It is refreshing that the Caribbean Community, although still struggling to come to terms with the urgent and absolute need for an all embracing political and economic Union and identity,, has matured somewhat since Grenada, October 1983.

By any measure, Caricom has made an appreciable leap forward – from subservient mendacity on the 1983 bludgeoning of Grenada, to assertive support for diplomacy and opposition to military action and aggression by the US against Iraq. And one remembers immediately, lone independent and principled position taken by the Trinidad and Tobago Government and which we believe was partly influenced by the Oilfields Workers’ Trade Union. Of course, this country and its then Prime Minister, George Chambers, were made to pay our principled stance against the invasion and military involvement by the Americans into Grenada. We paid a price for refusing to be anybody’s yard fowl – wild and cockling like the Dominican frizzly or the gender altered rooster a little closer south. We paid as most who have struggled – the powerless, the dependent and developing – for Justice, Fair Play, for Peace, Bread and Decency.

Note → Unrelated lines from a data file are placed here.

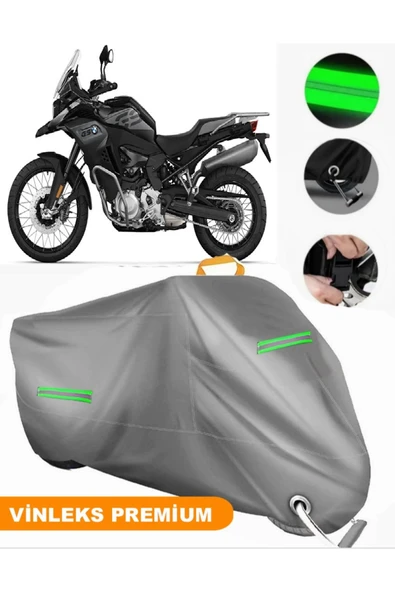 MotoEN  Vinleks Gri Bmw F 850 GS Adventure Uyumlu Motosiklet Brandası Lüx Kalite (Kilit Uyumlu) ürün görseli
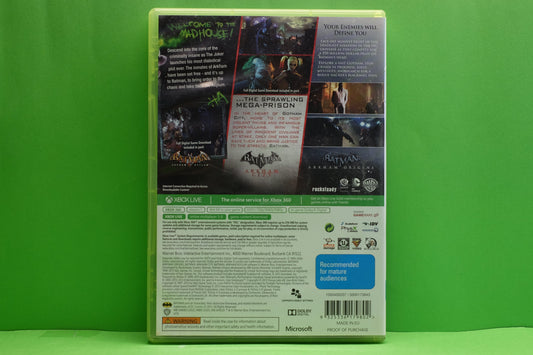 Batman Arkham Collection - Xbox 360 - Pre-Owned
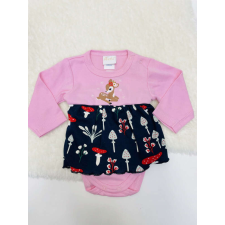  Hosszú ujjú szoknyás baba body őzike mintával - 74-es méret kombidressz, body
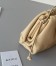 Bottega Veneta Mini Pouch with Strap in Almond Calfskin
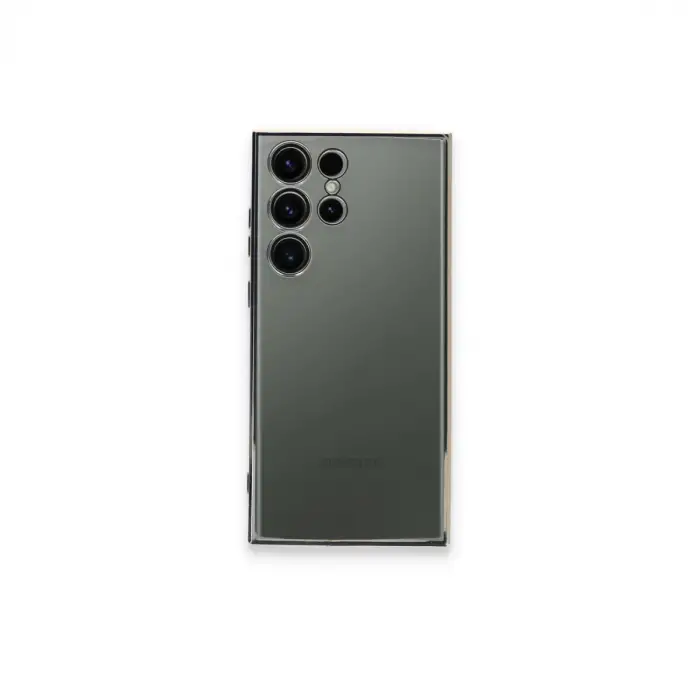 Galaxy S24 Ultra Kılıf Razer Lensli Silikon - Gümüş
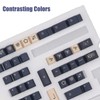 Mechanical Keyboard Keycap 128 Key PBT Keycap Set Contrasting Colors
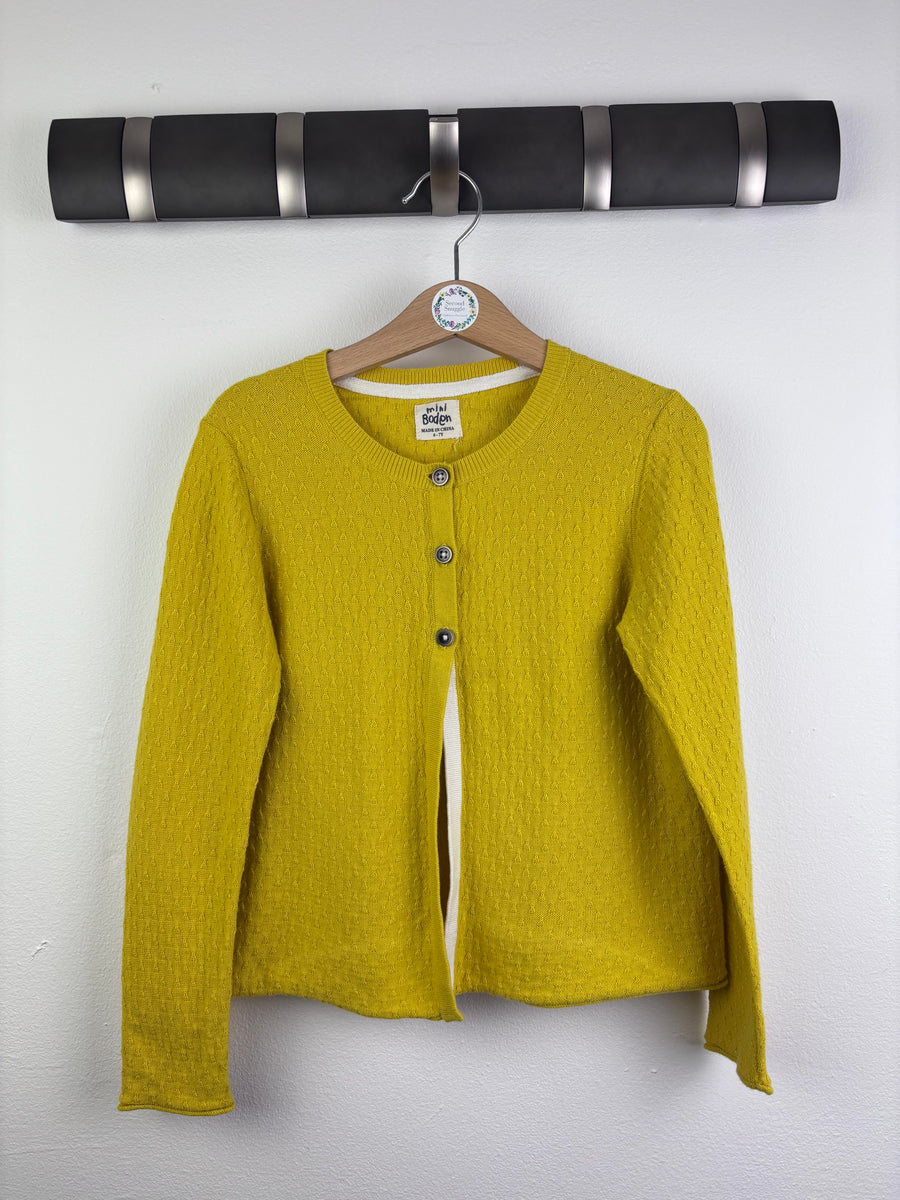 Mini Boden Mustard Yellow Textured Cardigan 6–7 Years-Cardigans-Second Snuggle Preloved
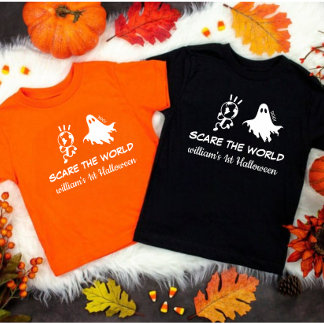 Camiseta Figurino 1 rua Halloween Pumpkin Engraçado Bebê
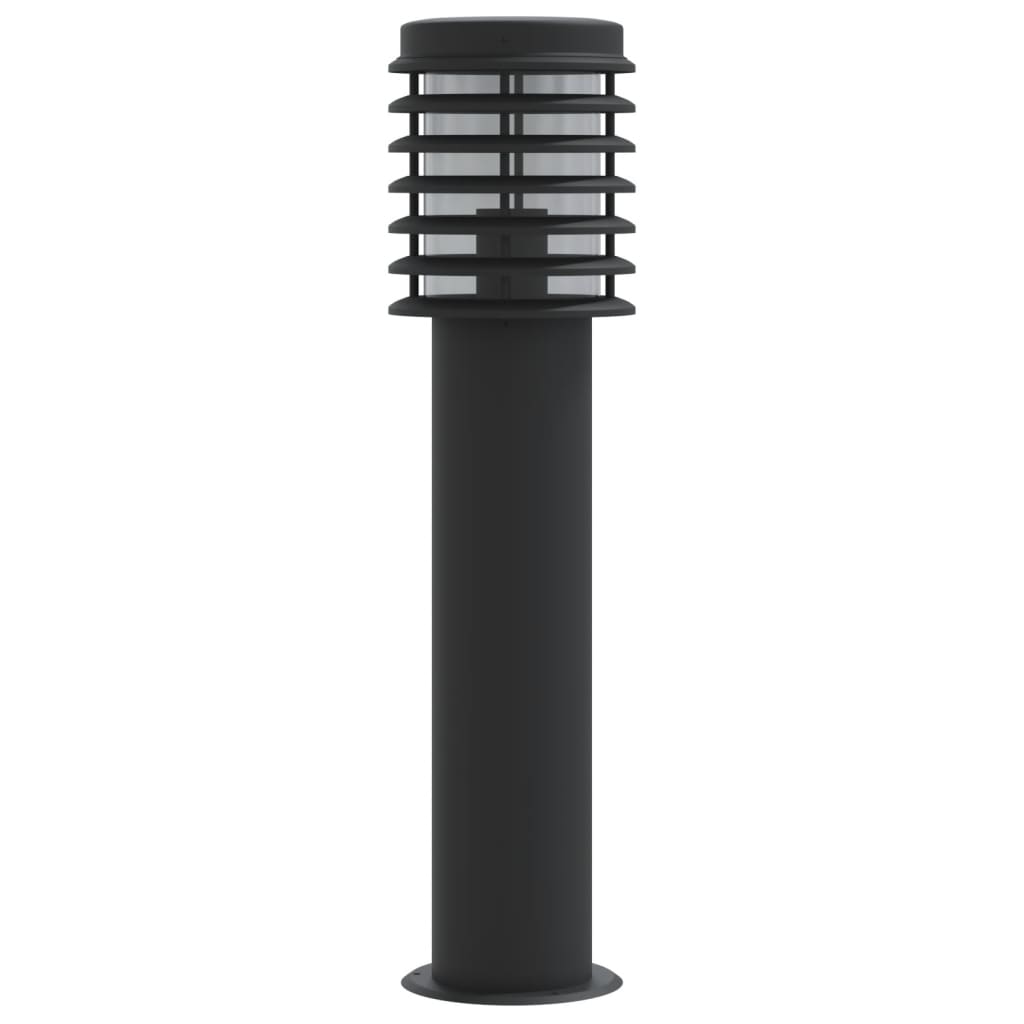 fekete rozsdamentes acél kültéri állólámpa 60 cm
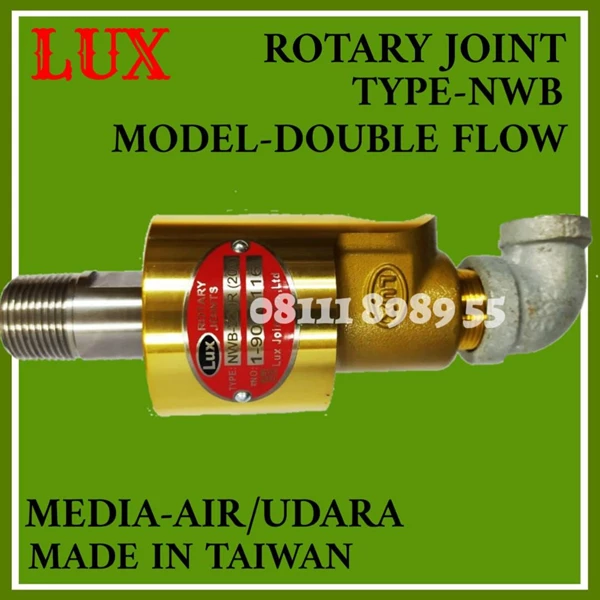 NWB SIZE 15A 1/2 IN DUOFLOW MEDIA AIR/ANGIN ROTARY JOINT LUX - TAIWAN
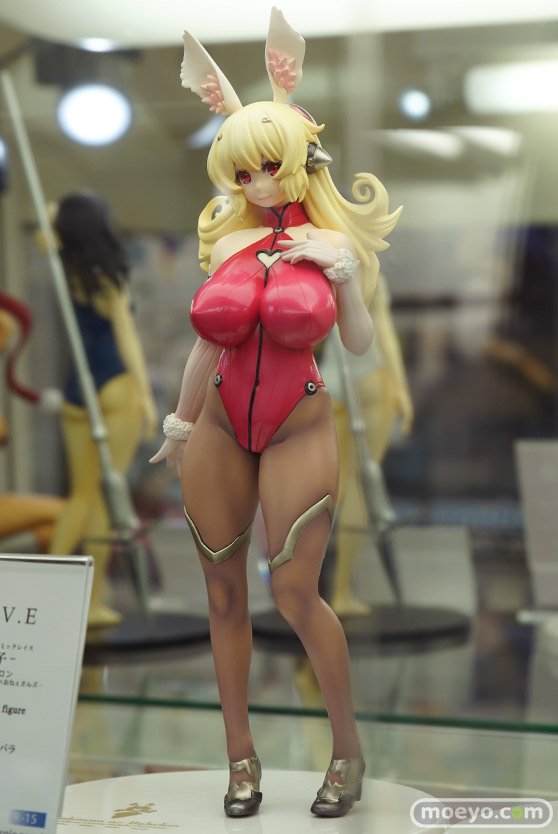 カルミアプロジェクトの星空のバビロン 迫り来るコズミックすけべおねぇさんズ バニーガール型コズミックレイス ウサ子の新作フィギュア彩色キャストオフサンプル展示画像04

We have reason today to feel a little bit proud that Caribbean Governments have told Uncle Sam that we will no longer be subservient nephews and nieces and are therefore opposed to military action to disarm Iraq. And that no action should be pursued that could undermine the vital role of the United Nations in maintaining world peace. Now, this nay also be at a price today as Trinidad and Tobago stance on the Grenada crisis was at a price. Nobody would convince the OWTU that Texaco’s sabotage of Trinidad’s Oil producing and refining industry 1983-1985 was not linked to US State Department’s ordered punishment against us for being impudent on the Grenada crisis. Yes, it is well known that the State Department’s machinery for subversion, sabotage and turmoil extends to and is oiled by US businesses operating overseas. We hear news of the IMF breathing down the necks of the Barbadians once more and one can only speculate the chill of the cryogenic stares and anti-Trinidad and Tobago posture of the Multi-nationals engaged in the ALNG negotiations for a Train 4 extraction of this country’s God given resources.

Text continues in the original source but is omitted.